In homeopathy, each patient is considered unique. It is the peculiar features of a person’s complaint that leads the homeopath to the remedy that is right for that person. Thus, four people, each with headaches, might get four very different remedies, because remedies are given based each patient’s particular manifestations of a disease. One person’s headaches are caused by sunlight; another’s relieved by the warmth of the sun. Two different diseases. Two different remedies. A third person’s headache causes nausea, and the fourth’s actually is relieved by eating! Again, the homeopath pursues these differences and the patterns they demonstrate, to find the remedy that will relieve the entire imbalance that led to the problem.

Homeopathy can’t cure every condition. Like all types of medicine, homeopathy has limits. It works best for functional problems like asthma, headaches, infections, and so on. A catalogue of conditions can be found in (link to Conditions page). Structural problems may require surgery. Problems of organ failure like diabetes or low thyroid may require replacement of insulin or thyroid hormone, respectively. Even so, homeopathy given in addition may make such problems more stable and easier to manage with medication. Homeopathy cannot reverse “hardwired” genetic mishaps, like cerebral palsy or certain types of epilepsy. It can be used in with regular medicine, surgery and manipulative therapies. It excels in difficult conditions that respond poorly to traditional medicines, such as fibromyalgia, chronic fatigue syndrome, depression, irritable bowel syndrome, osteoarthritis, headaches, menstrual complaints, and others.

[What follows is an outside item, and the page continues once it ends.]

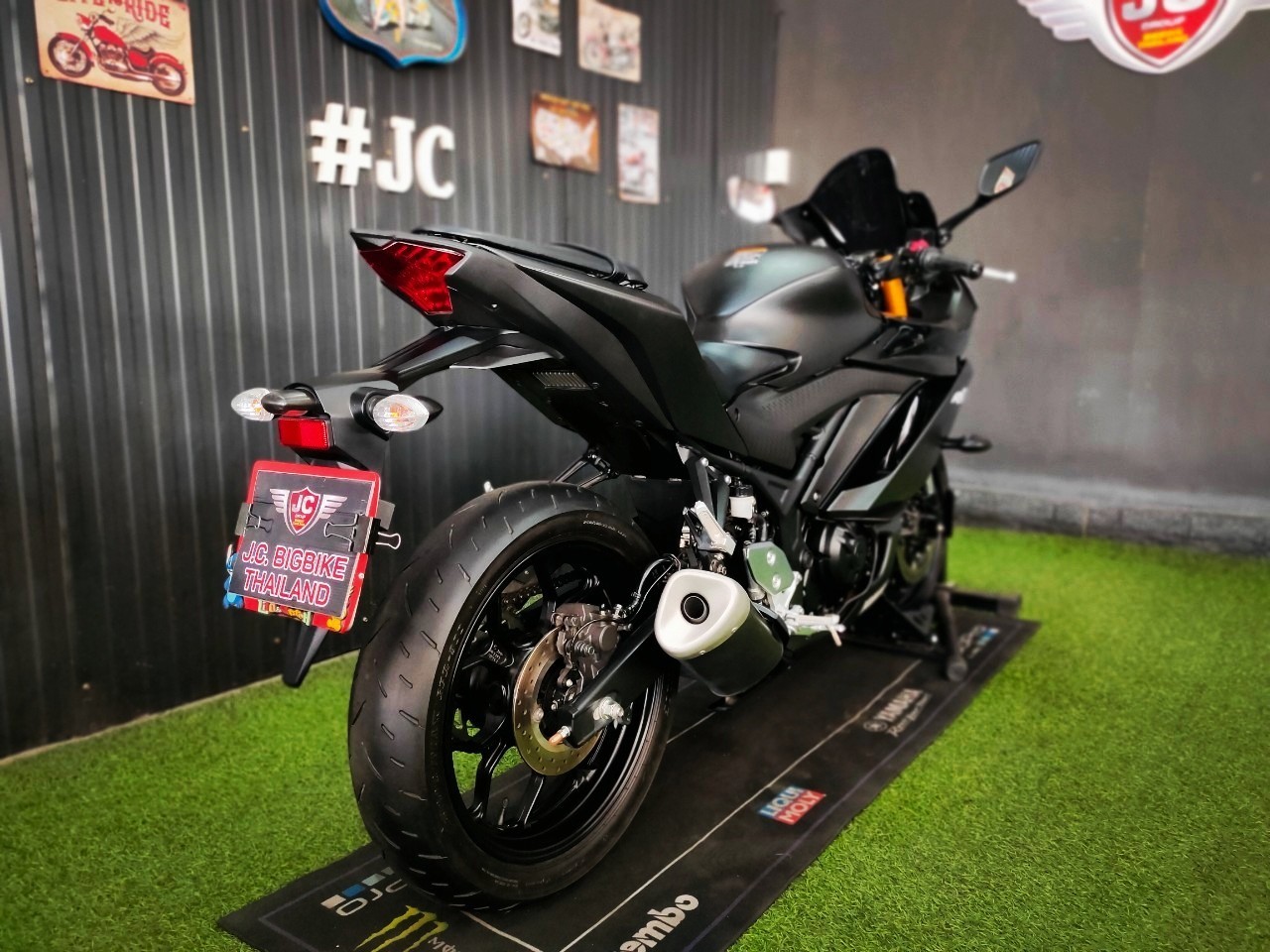 ดำดุดันไม่เกรงใจใคร ❗ YAMAHA New R3 โมเดล 2019 รถมือแรก "นางฟ้าไมล์น้อย" โคตรน่าใช้ 🥰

Homeopathic medicines do not “interact” with traditional drug therapies. As improvements occur, the need for regular drug therapy may diminish or resolve. Consultation with a professional homeopath with traditional medical training can be of help. There are many styles of homeopathy. Each has varying support in the clinical literature of America, Europe, and India.

Styles of Homeopathy–Classical Homeopathy

Classical homeopathy is rigorous and time-consuming, most popular among American and British homeopaths. It holds that only one remedy is right for a patient at a given time in the course of the illness, and that all the problems of a patient at a given time are connected–that they are all manifestations of the same imbalance. Remedies are prescribed infrequently, and given much time to act.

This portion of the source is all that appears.